Excerpts from a dataset:
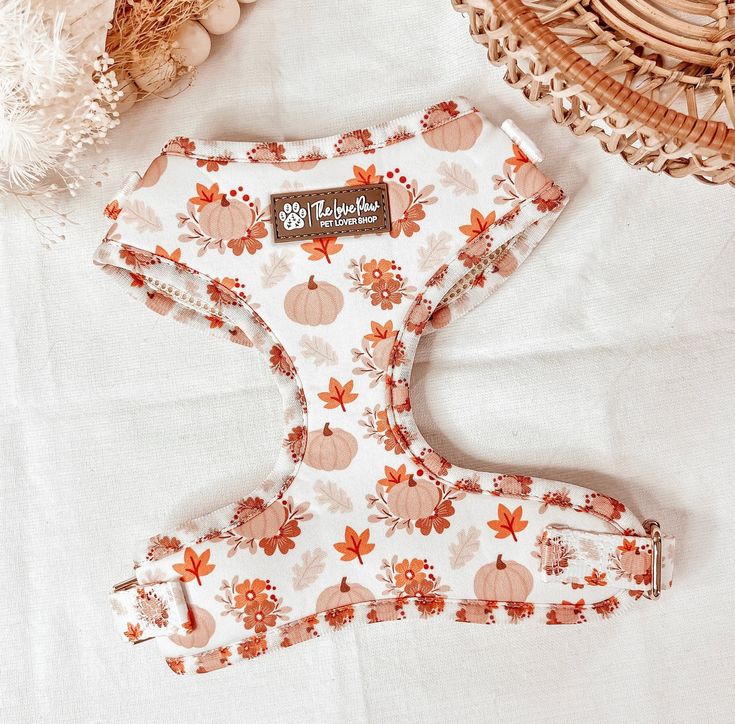 Autumn-themed dog harness with pumpkin and leaf patterns, perfect for pet lovers. Eco-friendly and stylish pet accessory.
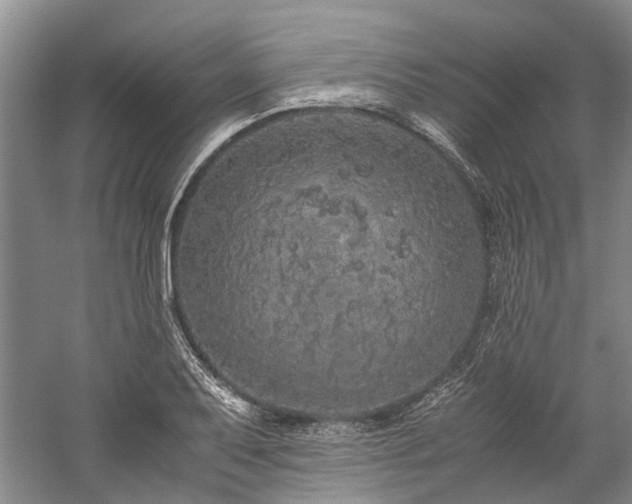 X0000060261079200510281159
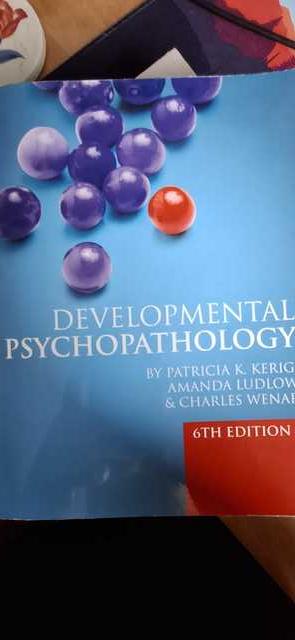 9780077131210-Developmental-Psychopathology-From-Infancy-through-Adolescence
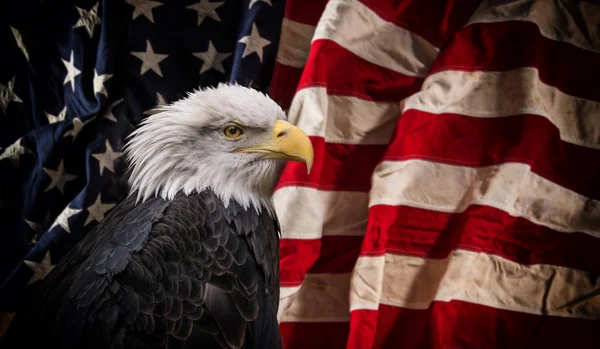 Amerikanska skallig örn med flagga. — Stockfoto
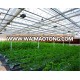 Agricultural plastic film arch greenhouse for vegetables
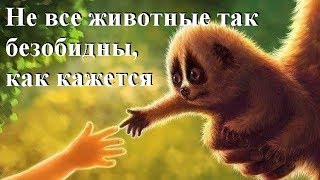 Опасные животные мира с безобидным внешним видом Опасные животные мира с безобидным внешним видом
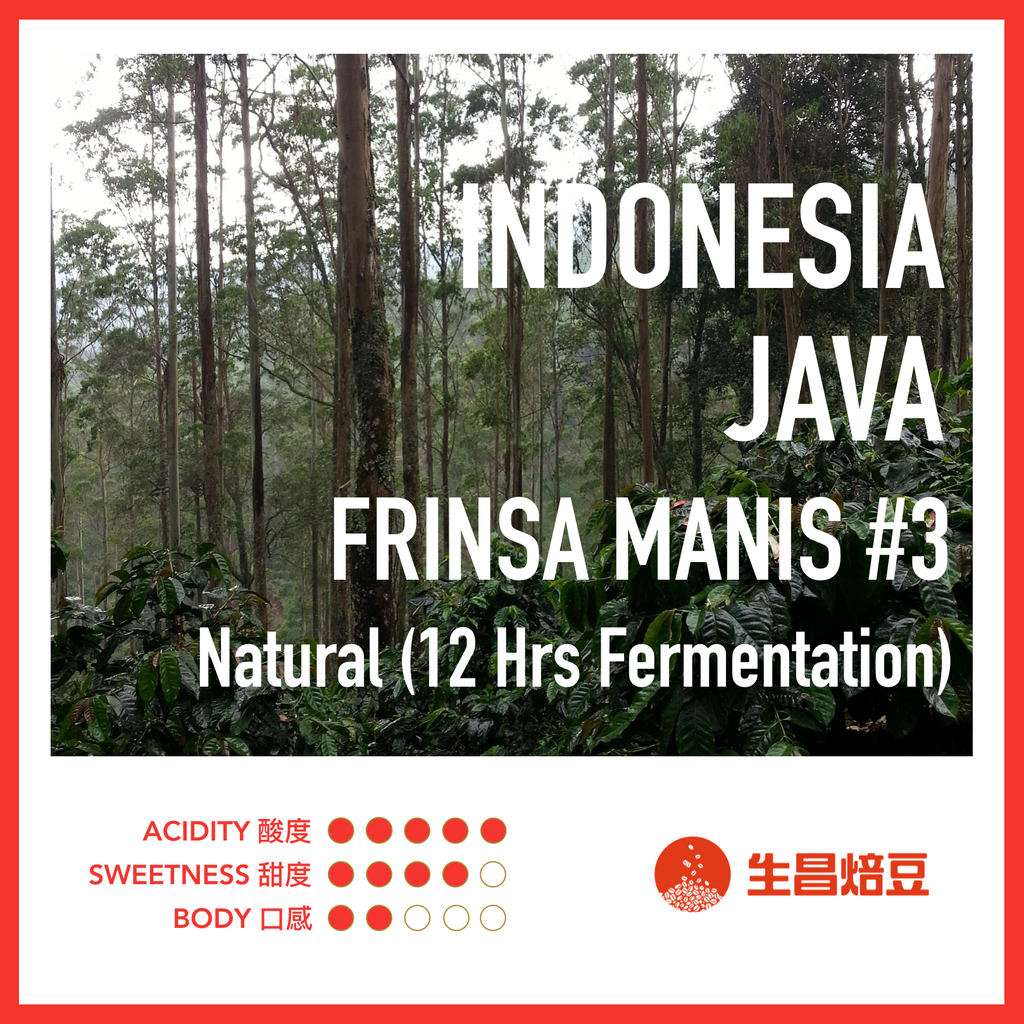 Indonesia Java Frinsa Manis #3 | Natural (12 hours Fermentation) 日曬 (12小時發酵)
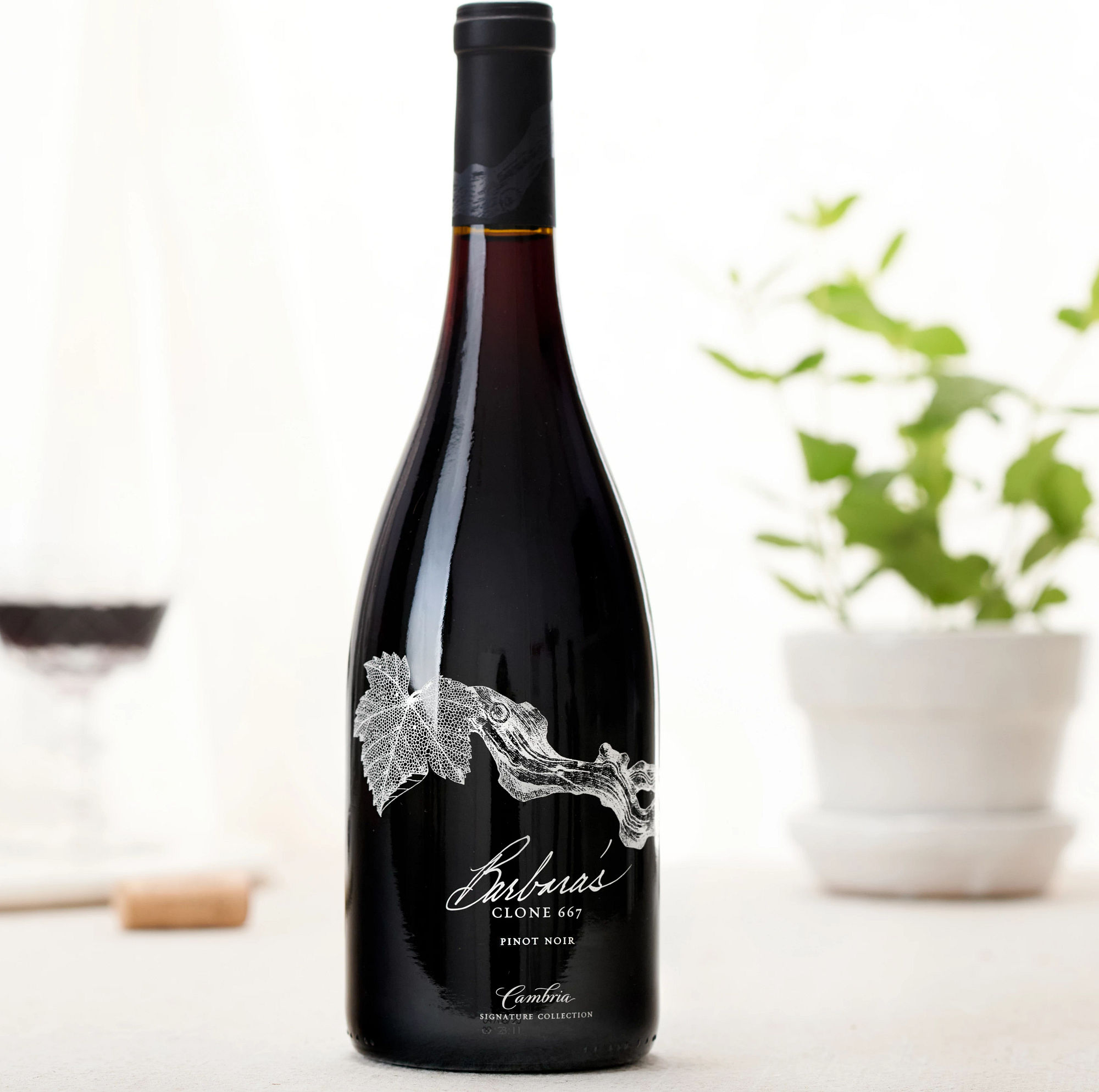 Barbara's Signature Collection Clone 667 Pinot Noir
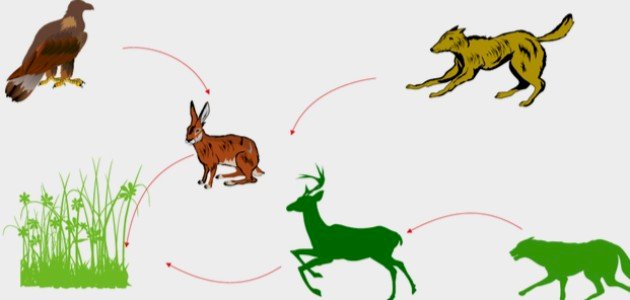 تعريف السلسلة الغذائية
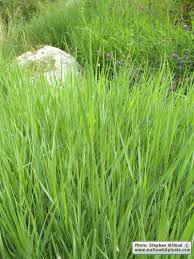 Attēlu rezultāti vaicājumam “Brachypodium sylvaticum flower”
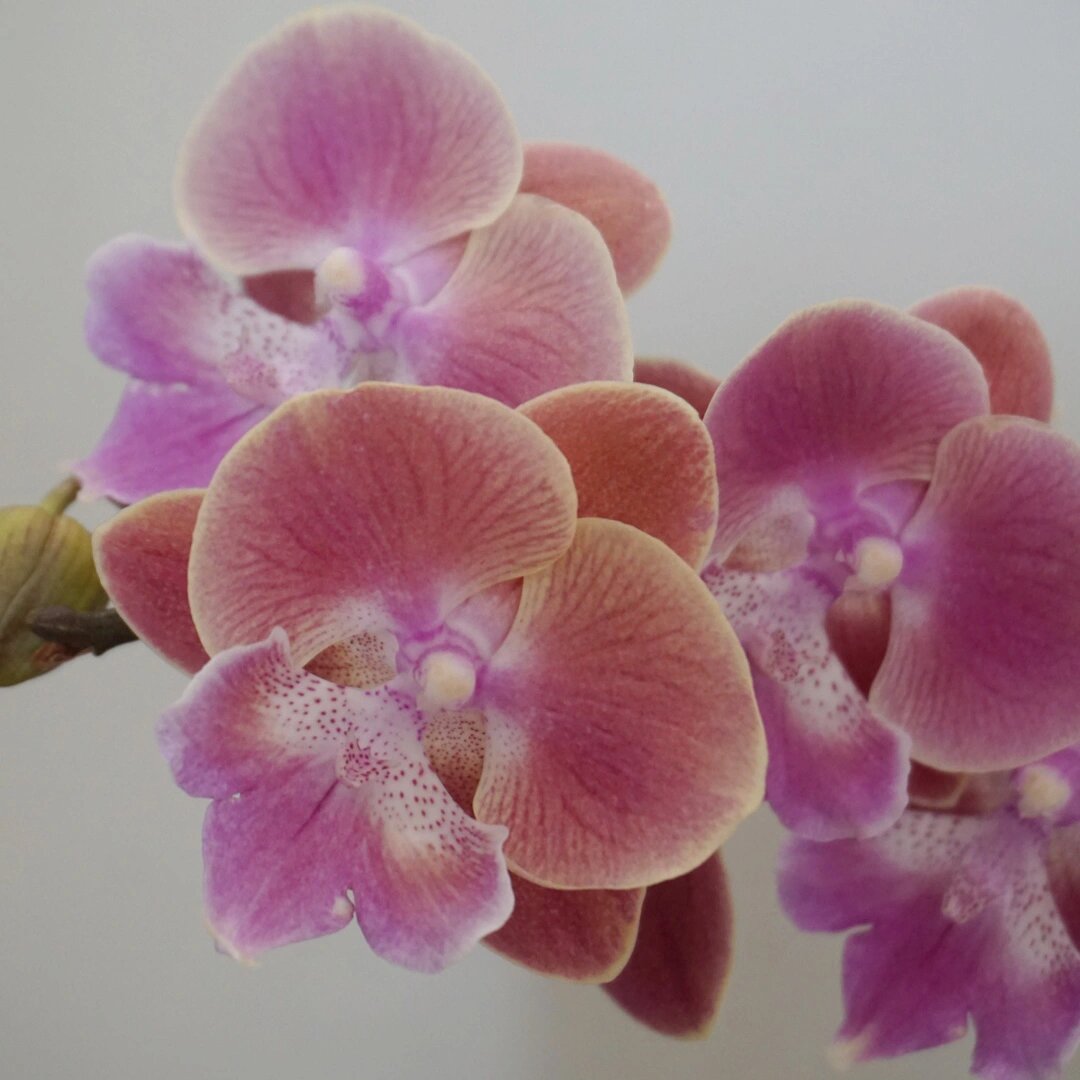 十四种大舌头蝴蝶兰花图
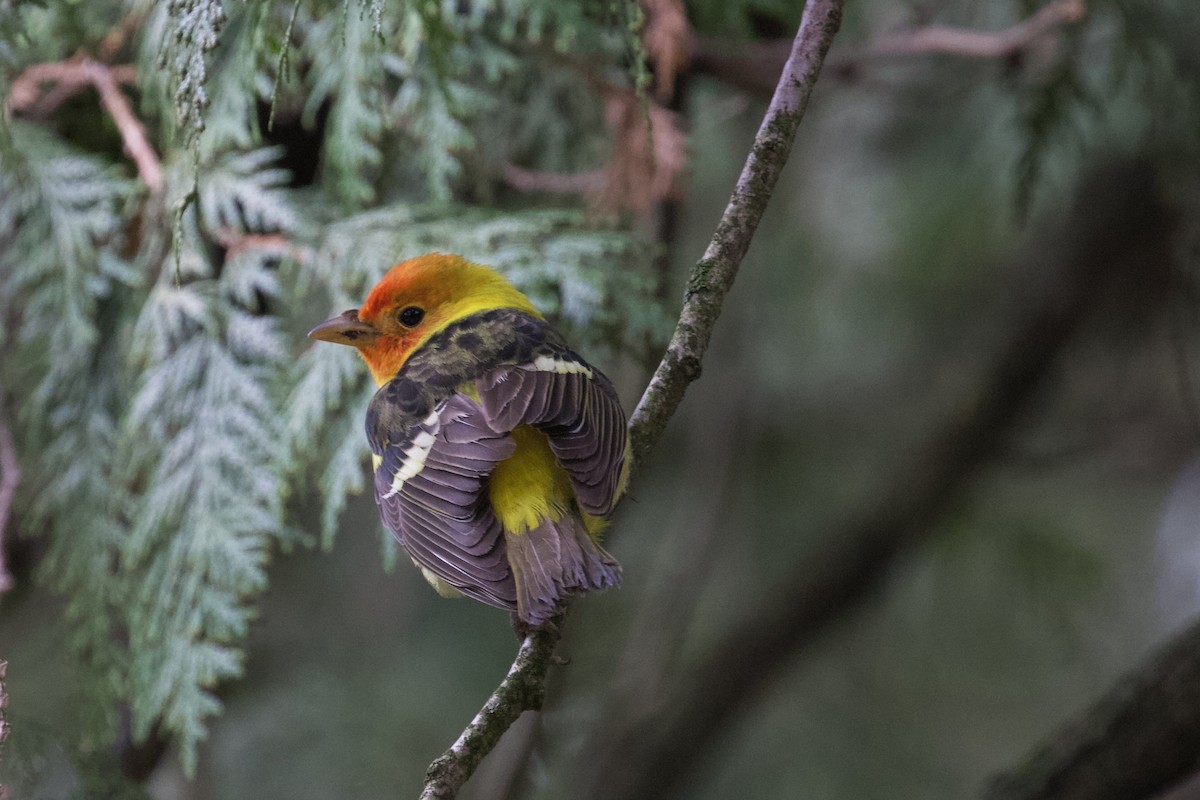 Western Tanager - ML155614891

● **Required work**
Repeat the records above exactly. Pictures do not belong in the copy.

● **Final answer**
 Autumn-themed dog harness with pumpkin and leaf patterns, perfect for pet lovers. Eco-friendly and stylish pet accessory.
 X0000060261079200510281159
 9780077131210-Developmental-Psychopathology-From-Infancy-through-Adolescence
 Amerikanska skallig örn med flagga. — Stockfoto
 Agricultural plastic film arch greenhouse for vegetables
 Опасные животные мира с безобидным внешним видом Опасные животные мира с безобидным внешним видом
 Indonesia Java Frinsa Manis #3 | Natural (12 hours Fermentation) 日曬 (12小時發酵)
 Barbara's Signature Collection Clone 667 Pinot Noir
 تعريف السلسلة الغذائية
 Attēlu rezultāti vaicājumam “Brachypodium sylvaticum flower”
 十四种大舌头蝴蝶兰花图
 Western Tanager - ML155614891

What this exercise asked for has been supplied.